Department of Electrical and Computer Engineering
The University of Texas at Austin
EE 360N, Spring 2001
Yale N. Patt, Instructor
Kameswar Subramaniam, Onur Mutlu, TAs
Problem Set 2, due February 26, 5.30pm.

1. State 20 in the state machine for the LC-2 microarchitecture does not change the state of any registers in the processor. The only thing it does is to decide if the next state is state 1 or state 35. Can we do anything useful in state 20 so that the cycle is not wasted and the microarchitecture still emulates the LC-2 instruction set correctly? What would be the corresponding changes to the microinstruction for state 20?

2.

a) In which states in the LC-2 state diagram should the LD_BEN signal be asserted? Is there a way for the LC-2 to work correctly without the LD_BEN signal? Explain.
b) Suppose we want to get rid of the BEN register altogether. Can this be done? If so, explain how. If not, why not? Is it a good idea. Explain.
c) Suppose we took this further and got rid of state 20. The figure below shows a modified microsequencer. What are the signals denoted as A and B in the figure?

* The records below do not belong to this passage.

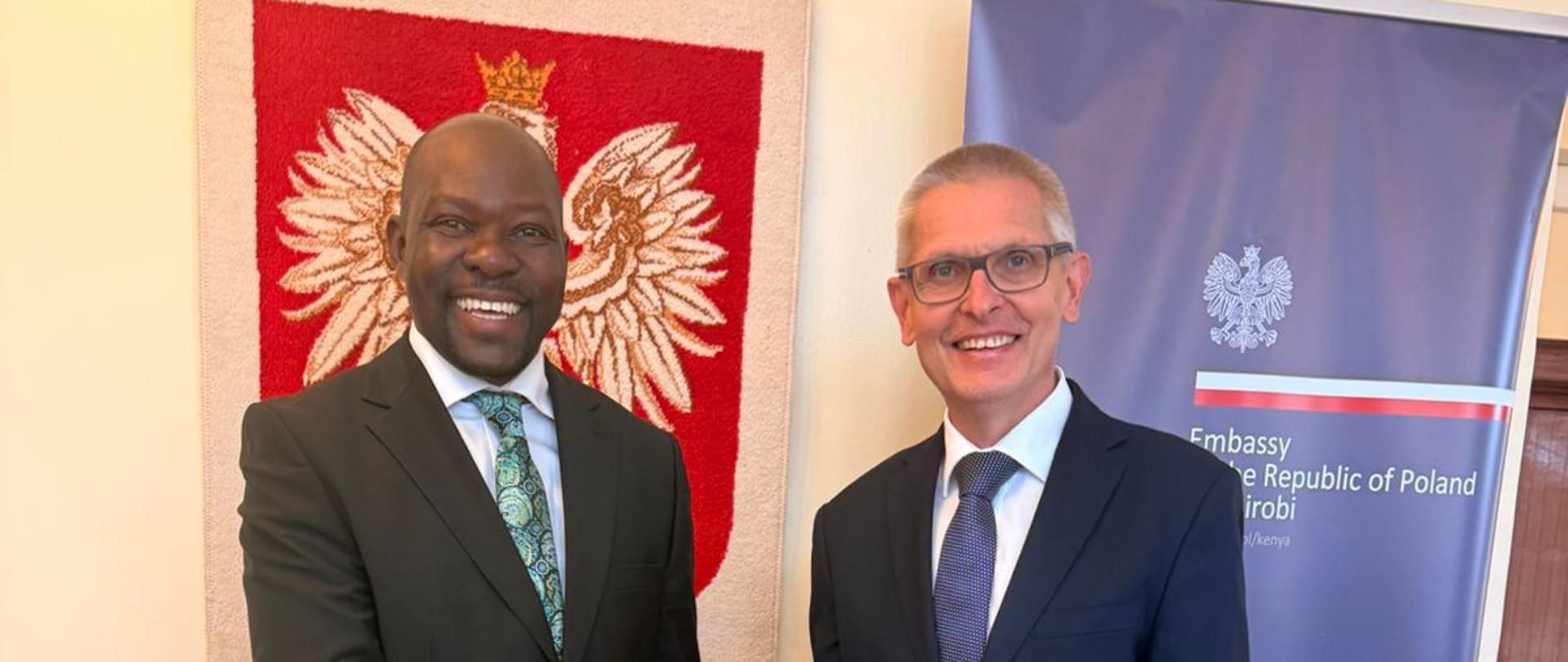 Rozmowy o współpracy polsko-kenijskiej 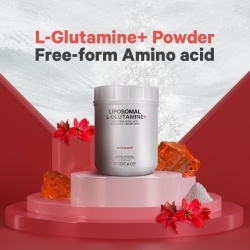 Codeage Liposomal L-glutamine Powder, L-glutamina Lipozomala Pentru Sustinerea Sanatatii Musculare Si Digestive, Fara Aroma, 472.5 G - Img 5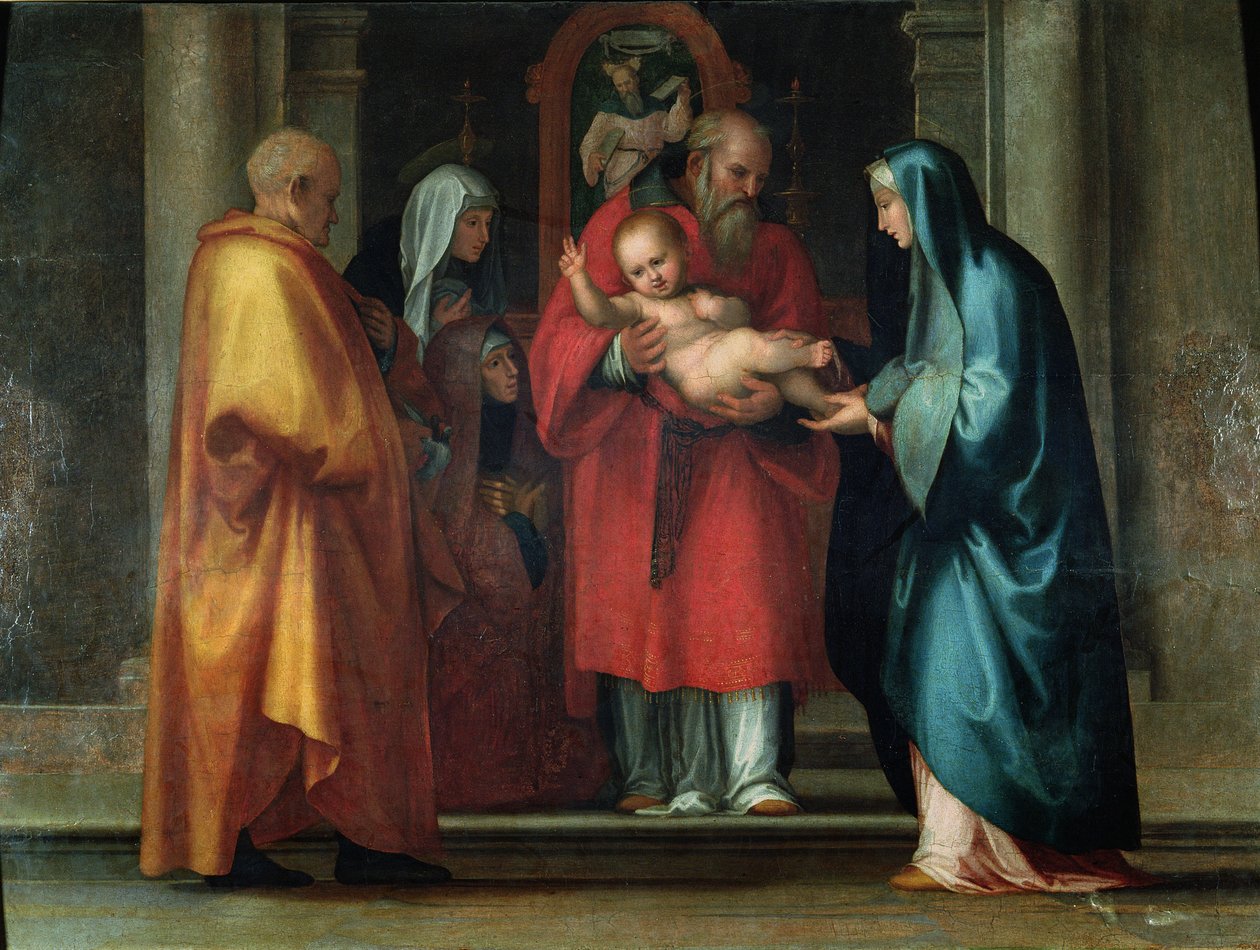 Presentasjon i tempelet av Fra Bartolommeo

3. (Hamacher, pg.255, question 5.13)  A byte-addressable computer has a small data cache capable of holding eight 32-bit words. Each cache block consists of one 32-bit word. When a given program is executed, the processor reads data from the following sequence of hex addresses:

`     200, 204, 208, 20C, 2F4, 2F0, 200, 204, 218, 21C, 24C, 2F4`
This pattern is repeated four times.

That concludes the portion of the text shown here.